#Poetry Danez Smith: Forward Award Poetry 2018

- Author: Danez Smith
- Title: Don’t Call Us Dead
- Published: 2017
- Genre: poems
- Trivia: Short list National Book Award 2017
- Trivia: Awarded Forward Prize in London 18 September 2018
Conclusion:
- Once I figured out who ‘WE” were and
- what “HERE” meant and
- where SOMEWHERE and SOMEPLACE is…
- in the first poem ‘Summer, Somehere’
- my mind wanted to race through the entire collection immediately.
- Don’t.
- Take the time to read each poem at least 10 x…let them sink in.
- Danez Smith has broken through the formal poetry rules and created a
- poetry that is unique …all its own.
- There is a crude but eloquent energy in every piece of writing
- Danez Smith is a meteorite of the poetry world.
“Don’t Call Us Dead,” landed on the longlist for the National Book Award 2017.
WINNER:
Frank Bidart, Half-light: Collected Poems 1965-2016 (Farrar, Straus and Giroux / Macmillan Publishers)
Finalists:
- Leslie Harrison, The Book of Endings (University of Akron Press)
- Layli Long Soldier, WHEREAS (Graywolf Press)
- Shane McCrae, In the Language of My Captor (Wesleyan University Press)

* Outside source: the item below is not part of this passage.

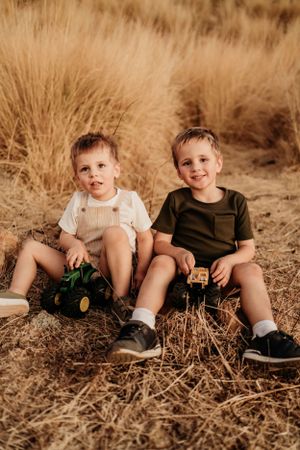 Children sit together in dry grass wearing casual clothes during a sunny outdoor photoshoot.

- Danez Smith, Don’t Call Us Dead (Graywolf Press)
Last thoughts:
- Don’t Call Us Dead wrestles with what it means to
- be a young black gay man in America.
- It begins with a lengthy poem — “summer, somewhere” —
- that imagines a utopic afterlife for
- victims of racism and police brutality.
- This is not language…it is music in your head!

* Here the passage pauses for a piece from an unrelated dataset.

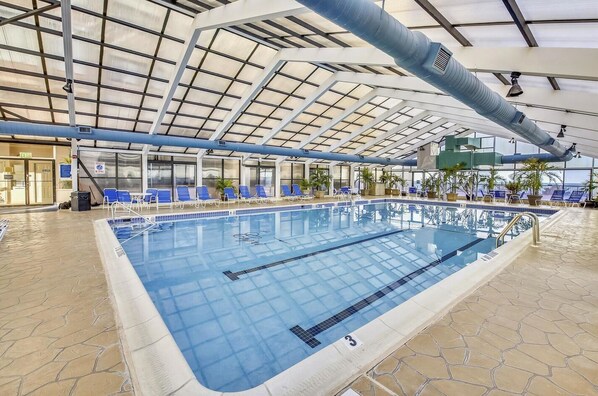 An indoor swimming pool with clear lanes, blue lounge chairs, and a high ceiling with a skylight.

- Here is the first stanza of the poem…..amazing!
“summer, somewhere”
somewhere, a sun. below, boys brown
as rye play the dozens & ball, jump
in the air & stay there. boys become new
moons, gum-dark on all sides, beg bruise
-blue water to fly, at least tide, at least
spit back a father or two. i won’t get started.
history is what it is. it knows what it did.
bad dog. bad blood. bad day to be a boy
color of a July well spent. but here, not earth
not heaven, we can’t recall our white shirts
turned ruby gowns. here, there’s no language
for officer or law, no color to call white.
if snow fell, it’d fall black. please, don’t call
us dead, call us alive someplace better.
we say our own names when we pray.
we go out for sweets & come back.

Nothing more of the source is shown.